BATF regulates progenitor to cytolytic effector CD8+ T cell transition during chronic viral infection

Abstract

During chronic viral infection, CD8⁺ T cells develop into three major phenotypically and functionally distinct subsets: Ly108⁺TCF-1⁺ progenitors, Ly108^-CX₃CR1^- terminally exhausted cells and the recently identified CX₃CR1⁺ cytotoxic effector cells. Nevertheless, how CX₃CR1⁺ effector cell differentiation is transcriptionally and epigenetically regulated remains elusive. Here, we identify distinct gene regulatory networks and epigenetic landscapes underpinning the formation of these subsets. Notably, our data demonstrate that CX₃CR1⁺ effector cells bear a striking similarity to short-lived effector cells during acute infection. Genetic deletion of Tbx21 significantly diminished formation of the CX₃CR1⁺ subset. Importantly, we further identify a previously unappreciated role for the transcription factor BATF in maintaining a permissive chromatin structure that allows the transition from TCF-1⁺ progenitors to CX₃CR1⁺ effector cells. BATF directly bound to regulatory regions near Tbx21 and Klf2, modulating their enhancer accessibility to facilitate the transition. These mechanistic insights can potentially be harnessed to overcome T cell exhaustion during chronic infection and cancer.

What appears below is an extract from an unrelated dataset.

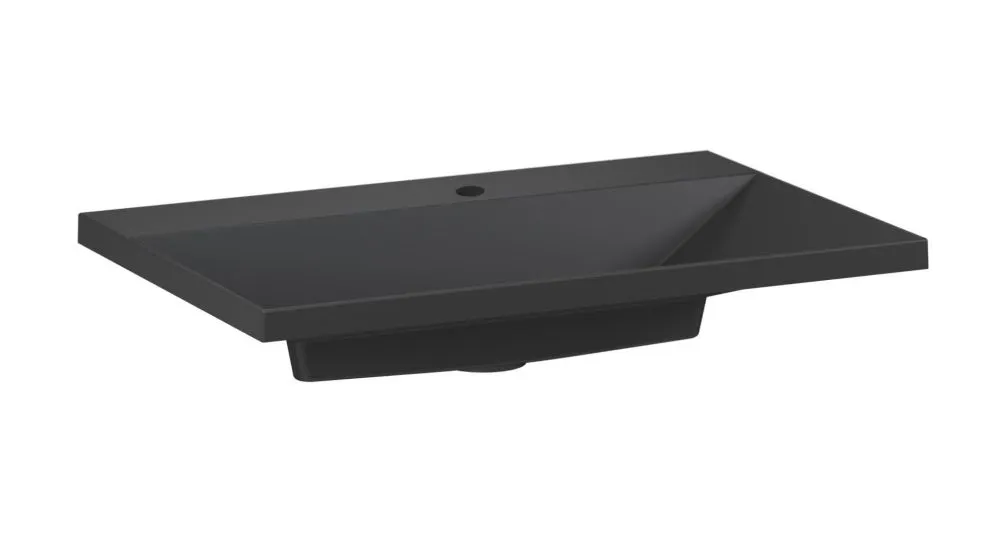 Umywalka meblowa kwarcowa EDGE 70 cm czarna mat z otworem na baterię | MIRAT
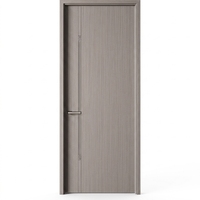 Porte intérieure écologique en bois mélaminé, silencieuse, à fermeture douce, moderne, pré-montée, sans peinture, aspect grain de bois, pour chambre de villa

Extended Data Fig. 1 |. SCENIC analysis revealed distinct transcriptional regulatory circuits for CD8⁺ T cell subsets during chronic viral infection.

a, Dot plot showing expression of signature genes for the T_PRO cells, T_EFF cells, and T_EXH cells. b,c,d, t-SNE projections showing binary regulon activity of cell-specific regulons for the T_PRO, T_EXH and T_EFF subsets.

Extended Data Fig. 2 |. Unsupervised clustering analysis identified three major cell populations in the integrated dataset.

a, Heatmap showing the top 15 differentially expressed genes for each cluster as defined in Fig. 2b. Columns and rows correspond to cells and genes, respectively. Cells from the same cluster are grouped together. The color scale representing Z-Score that is generated from log2 read counts. b,c,d,e,h, Showing the comparison of CD8 T cells from day 9 post-acute infection and day 30 post-chronic infection. Cells are gated on CD8⁺CD44⁺ GP_33–41⁺ cells. b, left. Summary data showing the expression of surface makers for SLECs and T_EFF cells. b, right. Summary data showing the expression of surface makers for MPECs and T_PRO cells. c, Summary data showing the expression of GzmB, proportion of CD8⁺ T cell degranulating (CD107a⁺) and producing IFN-γ, and proportion of CD8⁺ T cell producing TNF and IFN-γ upon ex vivo stimulation with GP_33–41 peptide. d,h, Summary data showing the expression of transcription factors and inhibitory receptors. e, Summary data showing the relative cytotoxicity of SLECs and T_EFF cells against peptide-pulsed target cells. f, Heatmap showing binary regulon activities of CD8 T cells from day 9 post-acute infection and day 30 post-chronic infection. g, t-SNE projection depicting clustering of cells by regulon activity. b, 10 mice for acute infection and 10 mice for chronic infection. c,d,h, 5 mice for acute infection and 5 mice for chronic infection. e, 10 mice for acute infection and 7 mice for chronic infection. b-h, Data pooled from 2 independent experiments. Data are expressed as mean ± s.e.m. ns = not significant, * p < 0.05, ** p < 0.01, *** p < 0.001. b, Unpaired t-test with two-stage step-up method of Benjamini, Krieger, and Yekutieli. c,d,e,h, Ordinary one-way ANOVA.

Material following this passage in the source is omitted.